Identify the line with "4 Farben: Zauberhaftes, langes"; copy word for word that line and every one after it, to the end of the listing. Exclude pictures.

*Data below*.
● ● ●
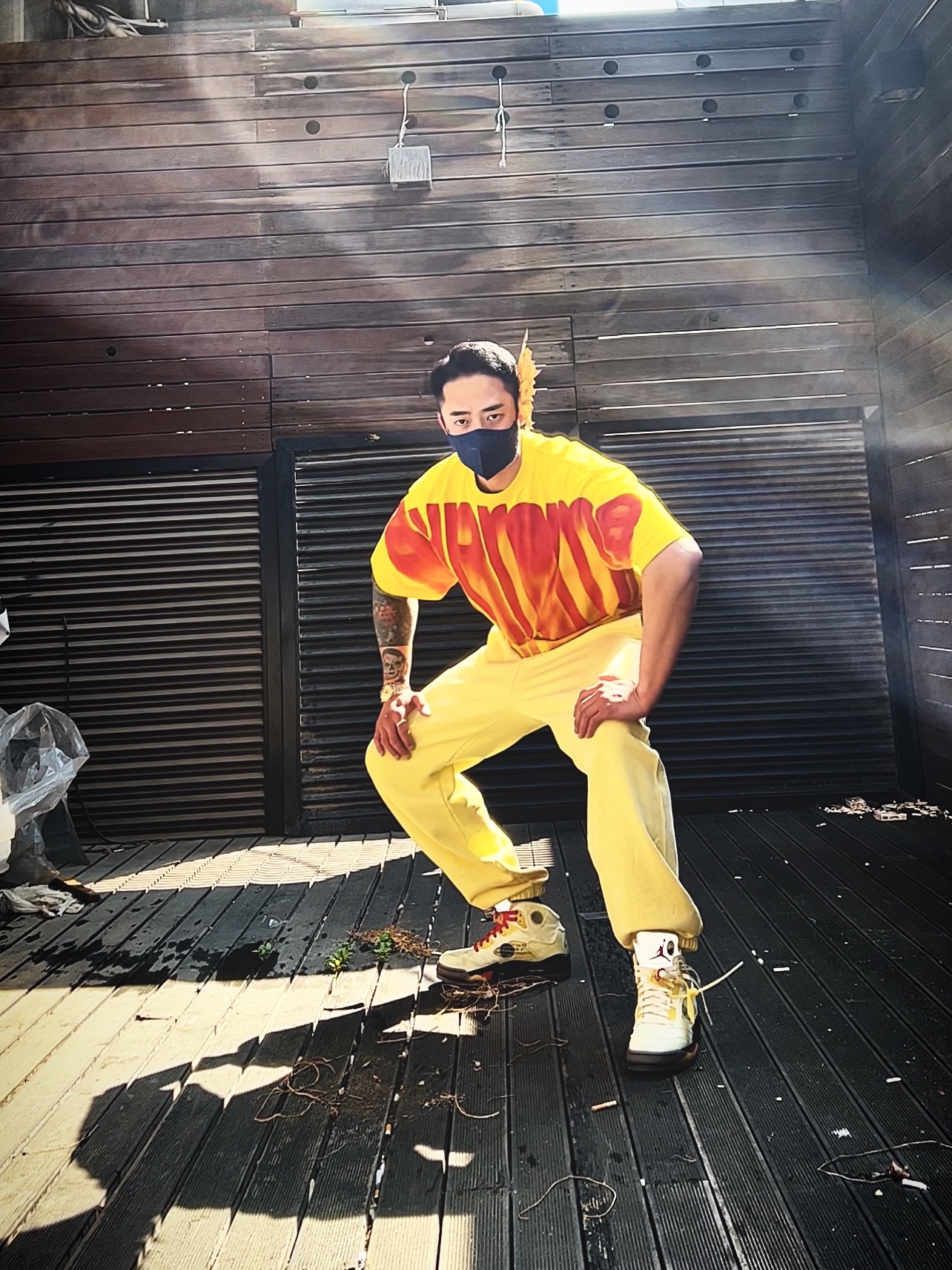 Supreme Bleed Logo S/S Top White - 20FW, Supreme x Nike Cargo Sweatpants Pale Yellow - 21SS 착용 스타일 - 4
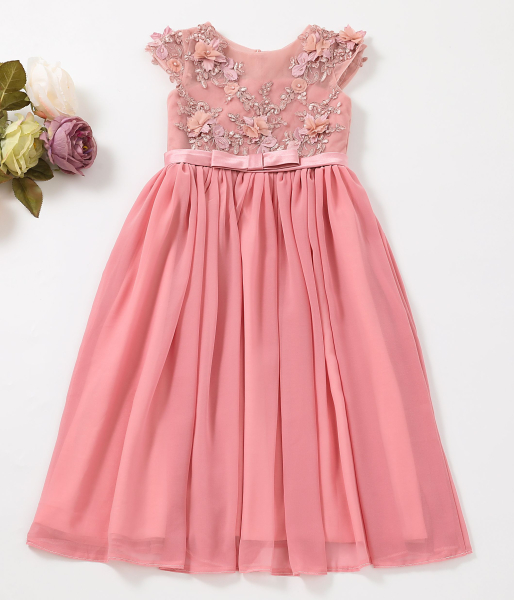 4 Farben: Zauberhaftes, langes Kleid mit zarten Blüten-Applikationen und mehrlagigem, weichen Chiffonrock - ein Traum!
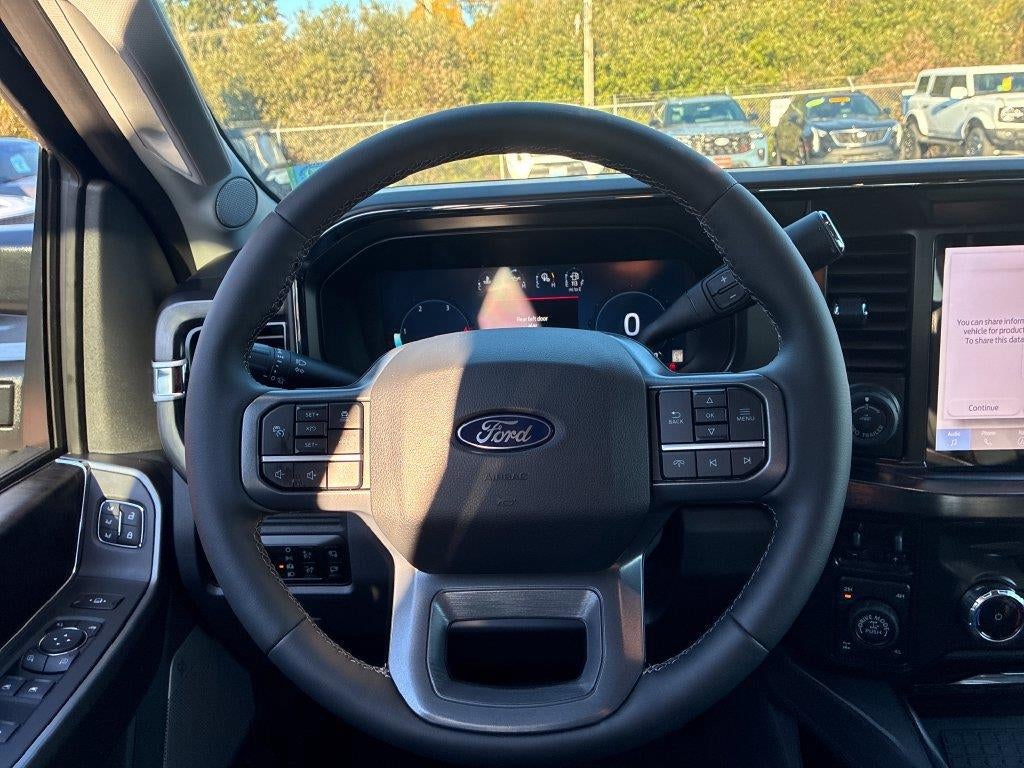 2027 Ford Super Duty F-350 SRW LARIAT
● ● ●
*Written response*.
 4 Farben: Zauberhaftes, langes Kleid mit zarten Blüten-Applikationen und mehrlagigem, weichen Chiffonrock - ein Traum!
 2027 Ford Super Duty F-350 SRW LARIAT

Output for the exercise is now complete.